▶ _DATA EXTRACT_
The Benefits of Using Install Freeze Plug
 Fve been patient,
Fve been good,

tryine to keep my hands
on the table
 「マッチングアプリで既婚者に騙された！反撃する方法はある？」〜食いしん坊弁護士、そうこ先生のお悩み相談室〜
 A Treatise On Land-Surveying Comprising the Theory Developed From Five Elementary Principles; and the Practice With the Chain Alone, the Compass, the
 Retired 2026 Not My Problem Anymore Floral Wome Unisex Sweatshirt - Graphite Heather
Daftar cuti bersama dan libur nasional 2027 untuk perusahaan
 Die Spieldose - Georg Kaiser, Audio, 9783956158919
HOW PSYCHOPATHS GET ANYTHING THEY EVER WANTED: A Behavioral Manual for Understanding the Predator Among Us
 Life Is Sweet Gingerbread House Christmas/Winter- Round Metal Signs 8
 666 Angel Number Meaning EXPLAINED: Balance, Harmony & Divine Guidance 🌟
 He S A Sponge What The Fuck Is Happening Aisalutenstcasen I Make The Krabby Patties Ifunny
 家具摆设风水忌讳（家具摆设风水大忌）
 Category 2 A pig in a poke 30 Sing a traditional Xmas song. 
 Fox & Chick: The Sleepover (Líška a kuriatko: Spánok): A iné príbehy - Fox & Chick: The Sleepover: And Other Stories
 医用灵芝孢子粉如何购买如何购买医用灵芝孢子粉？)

▶ _WHAT TO PRODUCE_
An exact copy of all the entries is what's needed; write it out.

▶ _TASK SOLUTION_
The Benefits of Using Install Freeze Plug
 Fve been patient,
Fve been good,

tryine to keep my hands
on the table
 「マッチングアプリで既婚者に騙された！反撃する方法はある？」〜食いしん坊弁護士、そうこ先生のお悩み相談室〜
 A Treatise On Land-Surveying Comprising the Theory Developed From Five Elementary Principles; and the Practice With the Chain Alone, the Compass, the
 Retired 2026 Not My Problem Anymore Floral Wome Unisex Sweatshirt - Graphite Heather
Daftar cuti bersama dan libur nasional 2027 untuk perusahaan
 Die Spieldose - Georg Kaiser, Audio, 9783956158919
HOW PSYCHOPATHS GET ANYTHING THEY EVER WANTED: A Behavioral Manual for Understanding the Predator Among Us
 Life Is Sweet Gingerbread House Christmas/Winter- Round Metal Signs 8
 666 Angel Number Meaning EXPLAINED: Balance, Harmony & Divine Guidance 🌟
 He S A Sponge What The Fuck Is Happening Aisalutenstcasen I Make The Krabby Patties Ifunny
 家具摆设风水忌讳（家具摆设风水大忌）
 Category 2 A pig in a poke 30 Sing a traditional Xmas song. 
 Fox & Chick: The Sleepover (Líška a kuriatko: Spánok): A iné príbehy - Fox & Chick: The Sleepover: And Other Stories
 医用灵芝孢子粉如何购买如何购买医用灵芝孢子粉？)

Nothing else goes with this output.